At Seecr we continuously both scale up and scale out our systems, but we also improve efficiency continuously. Here is why and how we do it.
Scalability versus Efficiency
Quite often, people think that scalability is everything. But scaling an inefficient system, if at all possible, is going to be expensive and might even stop you completely. It certainly looks nice when Amazon adds 100 extra machines to your system in an instant, but it might just as well be a gross waste of resources. And as long as money is not a problem, the problems related to inefficient systems can remain hidden for a long time.
Why is Inefficiency a Problem
We are now living in an era where more and more people need no explanation as to why inefficiency is a bad thing. Much to my delight, the mere idea of wasting something is becoming increasingly sufficient to let people act. So I won’t go into that direction. There is another problem however.
Inefficiency is caused by something. And when the time comes that you do want to improve it, you need to address the causes. And then it might turn out that you are a little too late….
Here are two significant causes we have observed frequently:
- Programming negligence
- Wrong algorithm
1. Programming negligence.
Programming is quite a difficult task and each problem has different aspects that need careful attention.
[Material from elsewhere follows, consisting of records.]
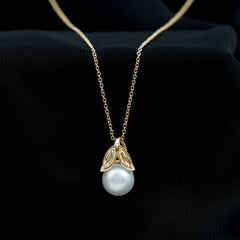 Freshwater Pearl Solitaire Pendant with Leaf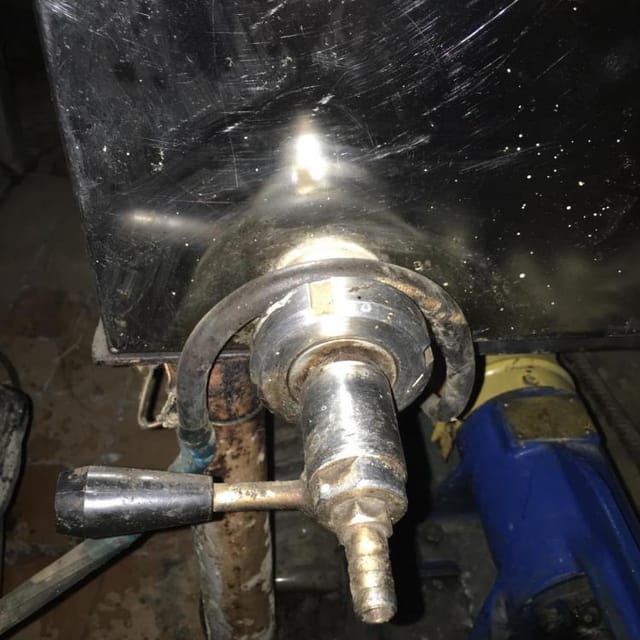 Фильтр-пресс, пластины 40х40, ручной прижим.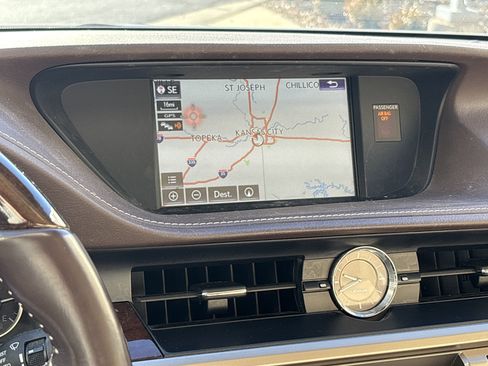 Used 2017 Lexus ES 350 image 24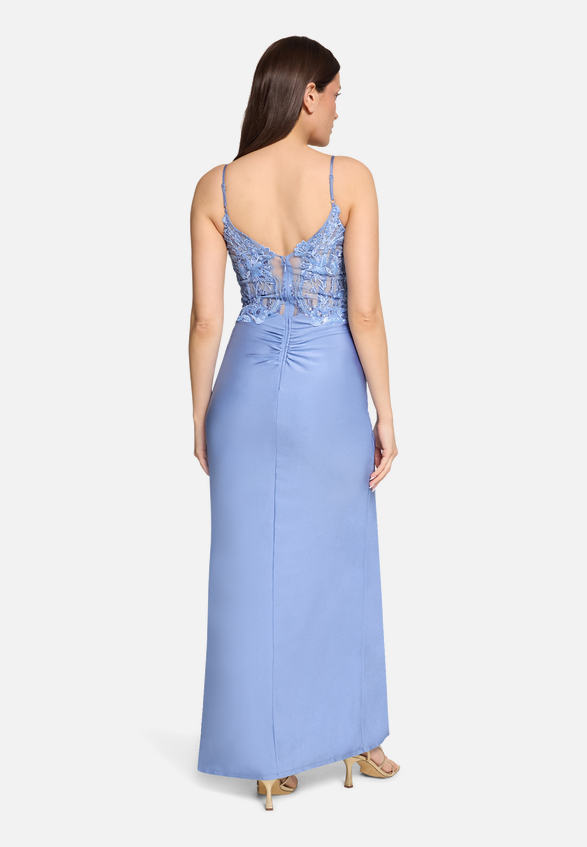 Abendkleid mit Stickerei / Modellfoto Rückseite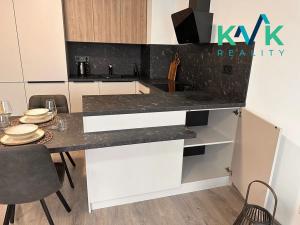 Pronájem bytu 1+kk, Ostrov, Myslbekova, 33 m2
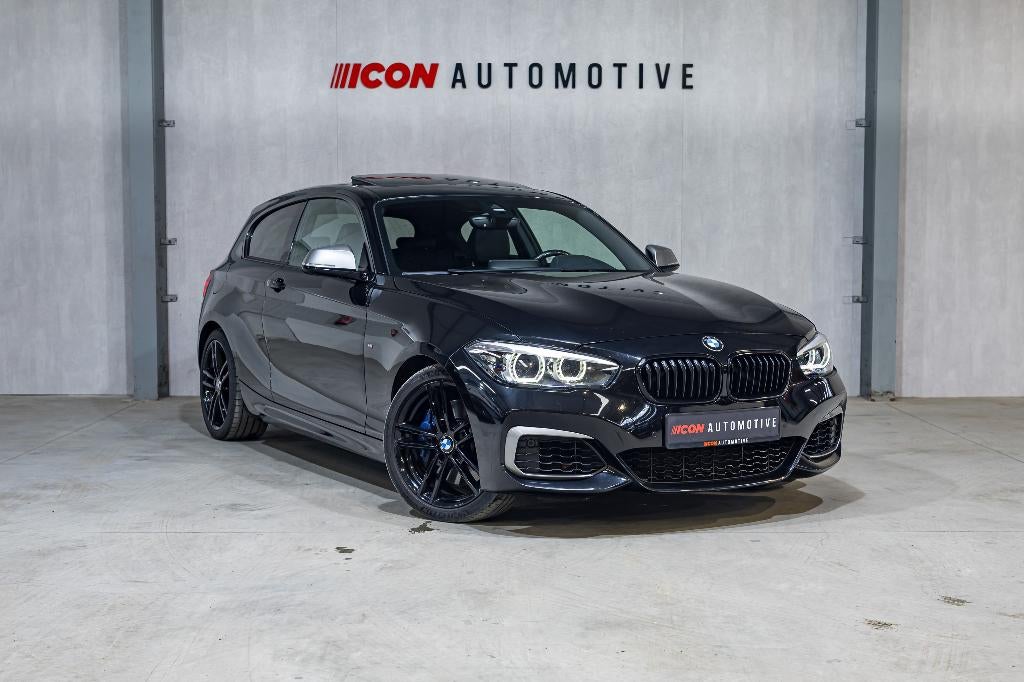 BMW F21 M140i - PANO | XDRIVE | LED | NAVPRO | HIFI |, Autos, BMW, Cuir, Achat, Euro 6, 0 kg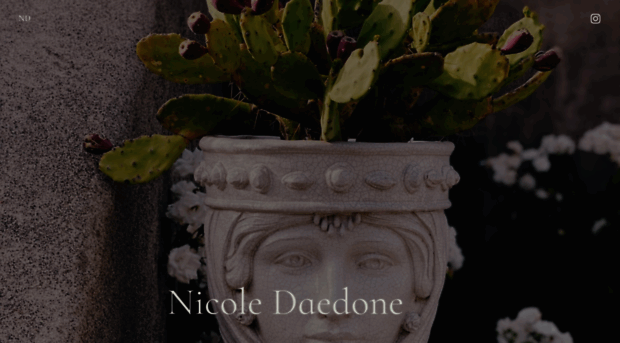 nicoledaedone.com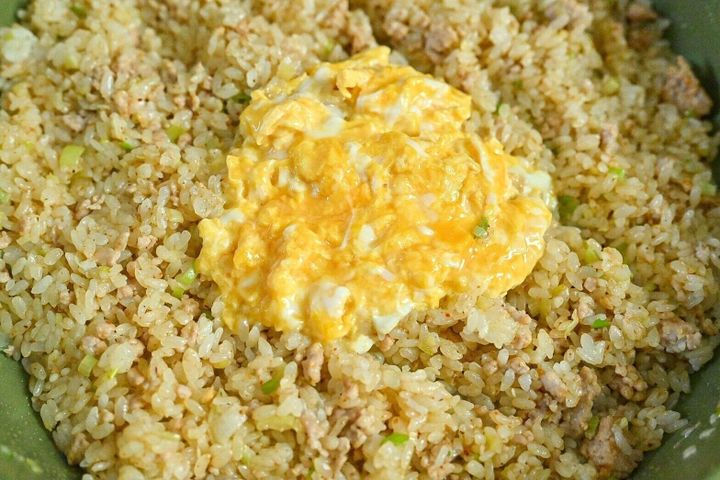 フライパンに入った卵がのった麻辣チャーハン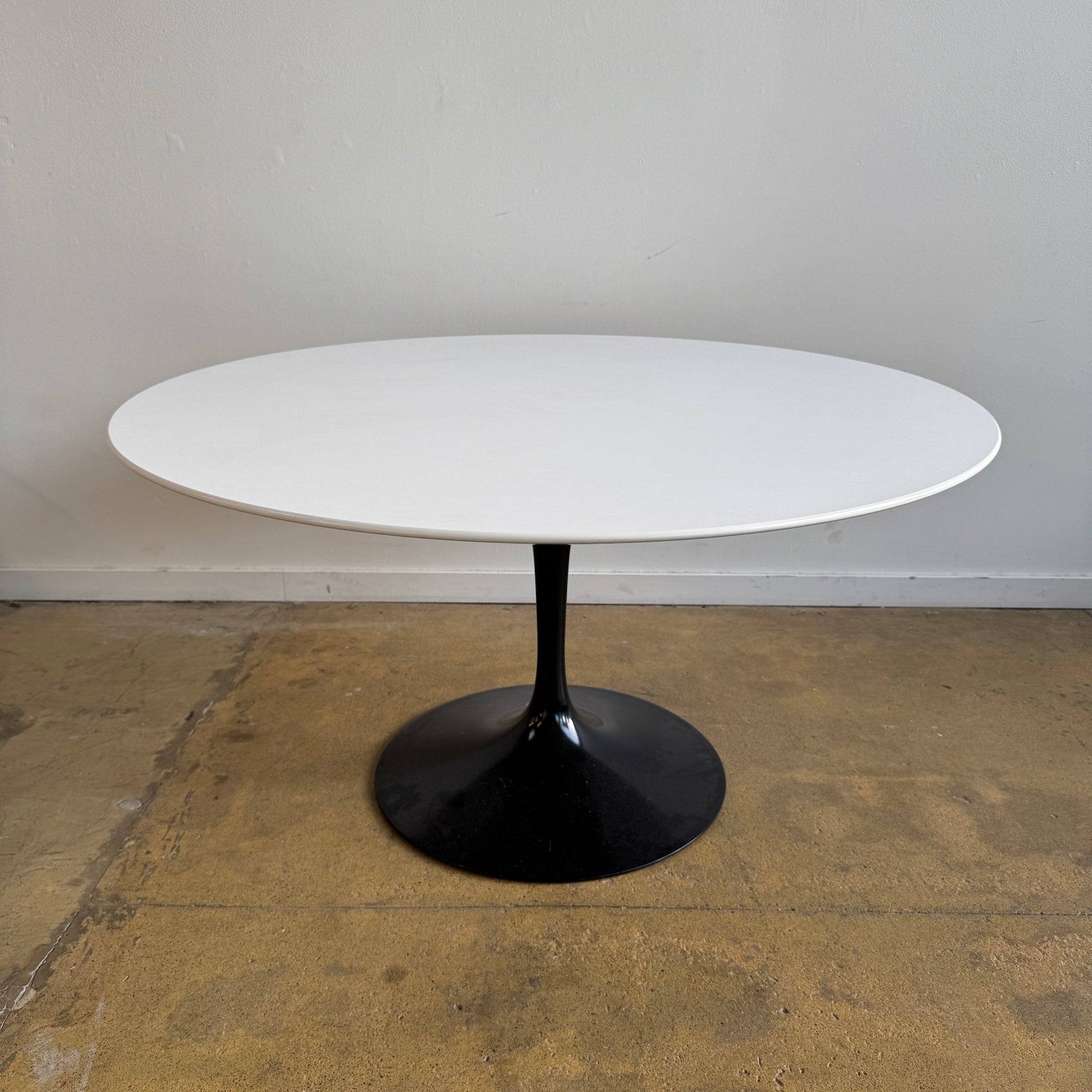 Authentic! Knoll Saarinen 54 Dining Table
There are the matters of primary design, testability, consequences for other features, refactoring, selection of libraries, code style, readability and intention, integration with other parts, packaging, upgrading and data conversion and on goes the list, endlessly. That’s the nature of software.
Efficiency is definitely somewhere on that list of aspects. It is all too natural that, once code functionally works, everyone is glad and moves on to the next task. But at that time, some aspects might not have received the attention they require, and efficiency is often among them. If this goes on for some time, you’ll end up with many places needing small fixes.
But you can’t fix it later. The reason for that is as profound as it is simple: there are just too many small things, each of which contributes only little to the problem. It is the power of the many. Addressing each of these problems requires you take time to delve into them again, with only little reward: each single problem solved improves efficiency only a little. You’ll have to work through them all to see results.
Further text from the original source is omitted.